Salt-Templated Solvothermal Synthesis of Dioxane-Linked Three-Dimensional Nanoporous Organic Polymers for Carbon Dioxide and Iodine Capture

Precise control over the textural properties of porous organic polymers, POPs, is a daunting task, yet highly important to achieve the desired porosity and pore connectivity for target applications. Accordingly, the introduction of hard templates in the solvothermal synthesis of POPs could help to control the surface area and pore size without altering their chemical structure. In this direction, here we synthesized a dioxane-linked three-dimensional tetraphenylene-based nanoporous organic polymer (3D-tPOP) using low-cost and readily available NaCl salt as a hard template under solvothermal conditions.
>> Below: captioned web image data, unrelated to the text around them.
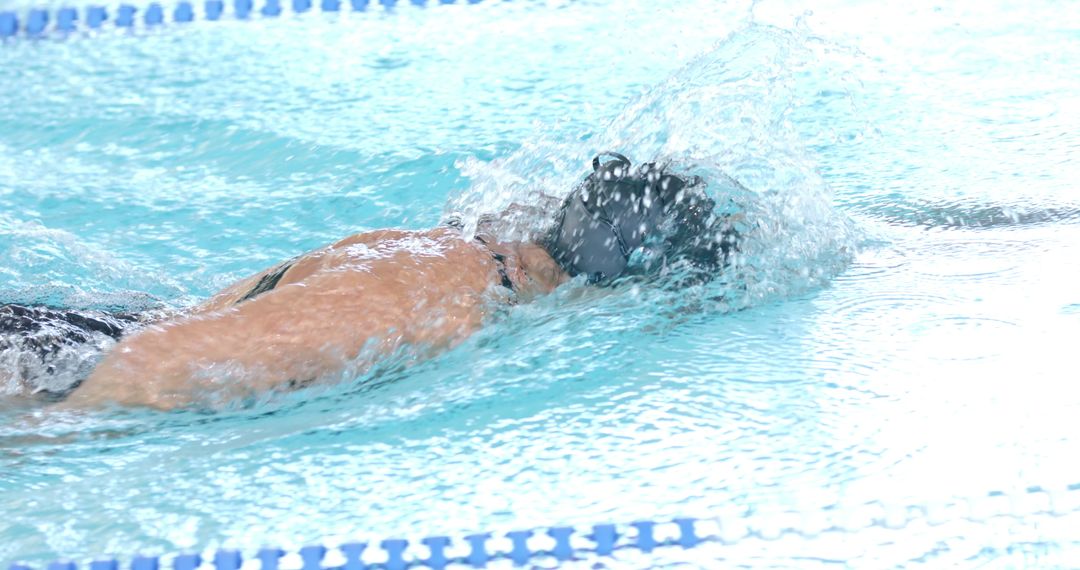 Competitive Swimmer Gliding Through Pool Water with Streamlined Grace
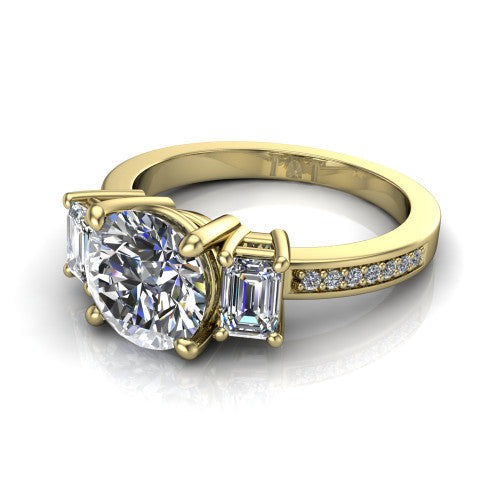 Freya round three stone engagement ring in 14K Yellow Gold, three-quarter perspective showing the round center between two emerald cut side stones above a pav&eacute; band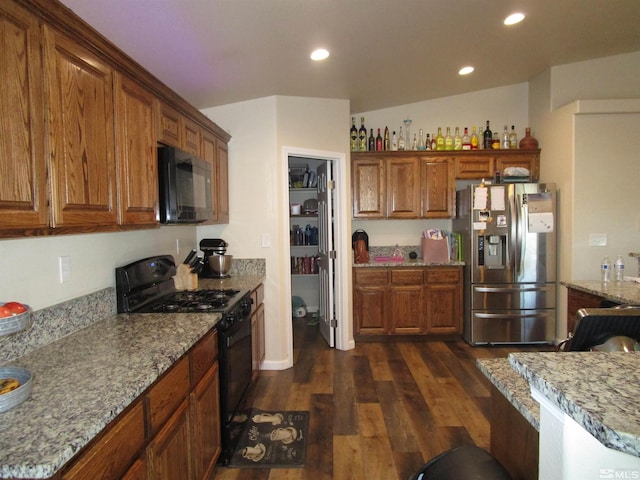 kitchen featuring light stone countertops, black appliances, dark hardwood / wood-style flooring, and vaulted ceiling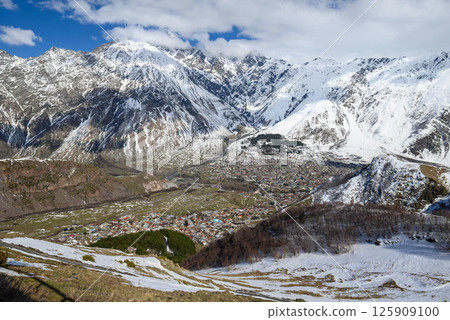 Town of Stepantsminda in Caucasus mountains along the Georgian Military Road, major route from Georgia to Russia 125909100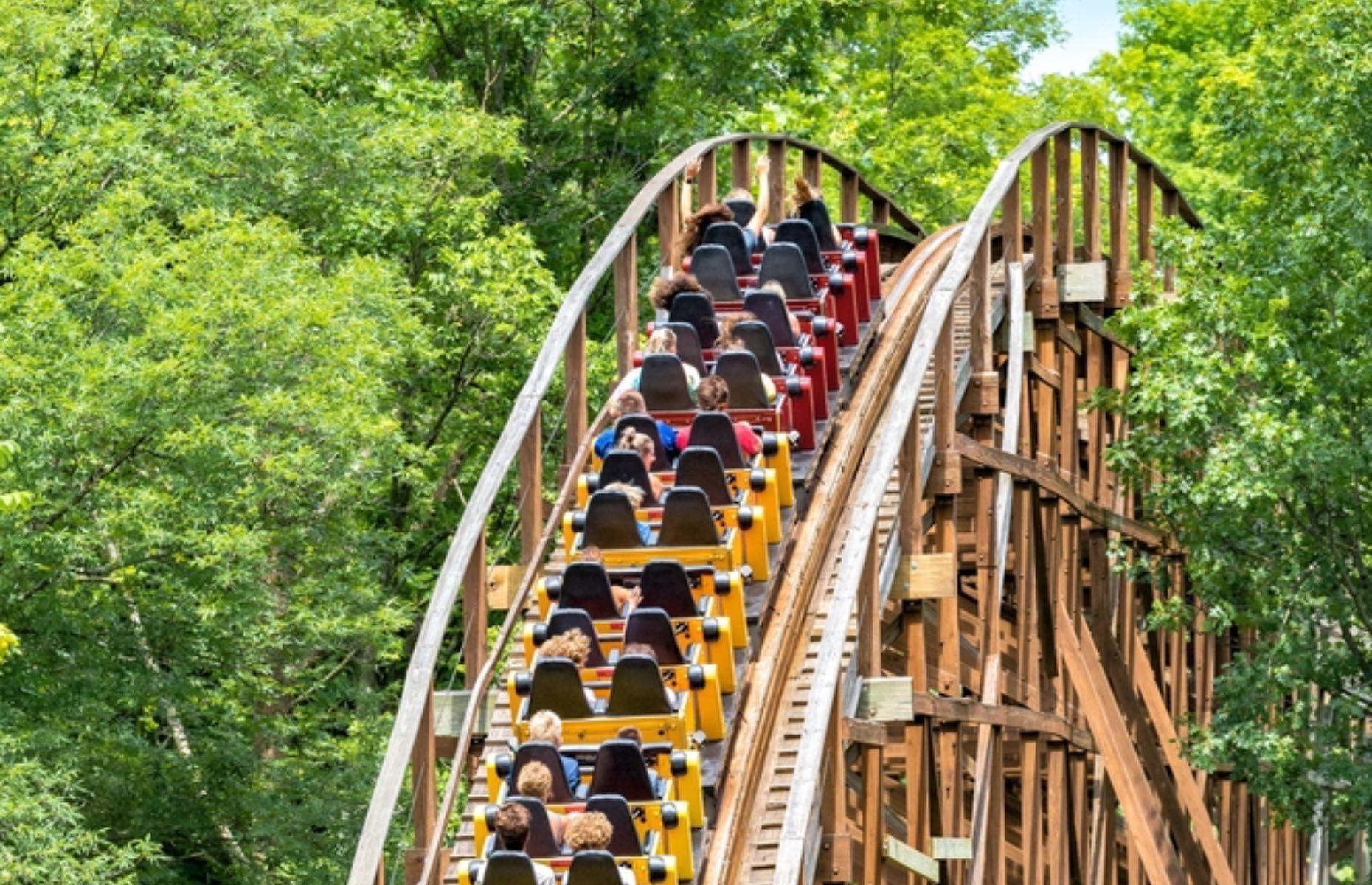 <p>Aptly named The Beast, this is the longest wooden roller coaster in the world stretching for a staggering 7,361 feet. Set on 35 acres of woodland, it was the longest and fastest roller coaster in the world when it opened back in 1979.</p>  <p>The Beast has two vertical drops each over 135 feet, eight banked turns, a 125 feet tunnel and a 540° helix tunnel. It has held the longest wooden coaster mantle for over 40 years now.</p>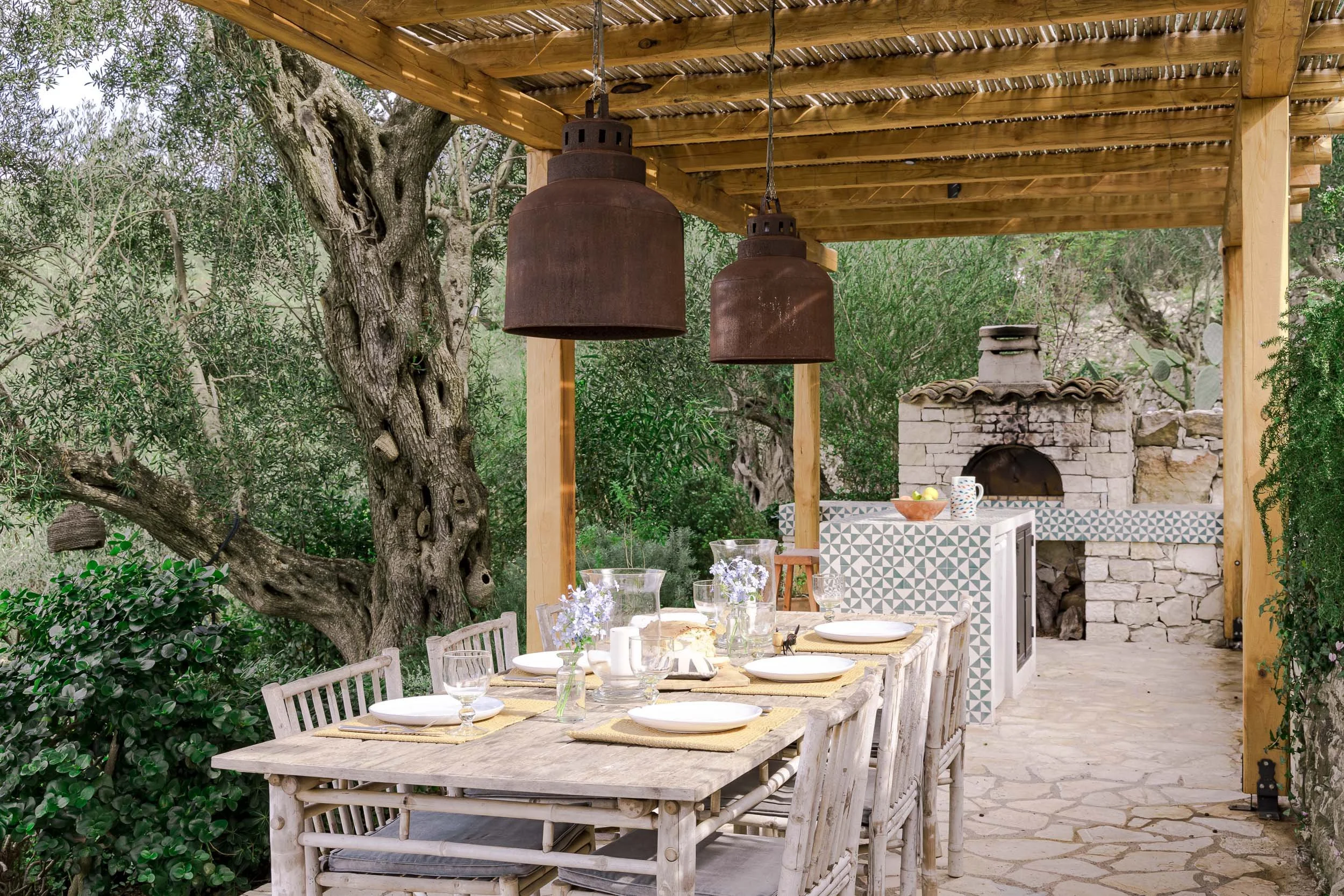 Outdoor patio dining area with a rustic wooden table set for a meal, surrounded by wooden chairs, under a patio cover with two large hanging lamps. In the background, there is a stone oven, a counter with decorated tiles, and lush greenery with trees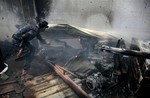 A soldier uncovers the body of a man under the rubble of a food factory hit by Saudi-led airstrikes in Sanaa, Yemen, Tuesday, Aug. 9, 2016.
The presence of a hard template enhanced the surface area and enabled control over the morphology, micropore/mesopore ratio, and pore volume with respect to the template amount. Whereas micron-sized NaCl templates facilitated the surface growth of a microporous polymer network, nanosized NaCl crystallites led to the formation of mesopores. The resulting 3D-tPOPs showed tunable micropore/mesopore ratios and surface areas in the range of 349-1058 m(2 )g(-1) with a linear correlation to the template amount. A high CO2 uptake capacity of 5.02 mmol g(-1) at 273 K and 1 bar and an I-2 uptake capacity of 1180 mg g(-1) were observed for 3D-tPOPs with micropore and mesopore ratios of 50.2% and 71.4%, respectively.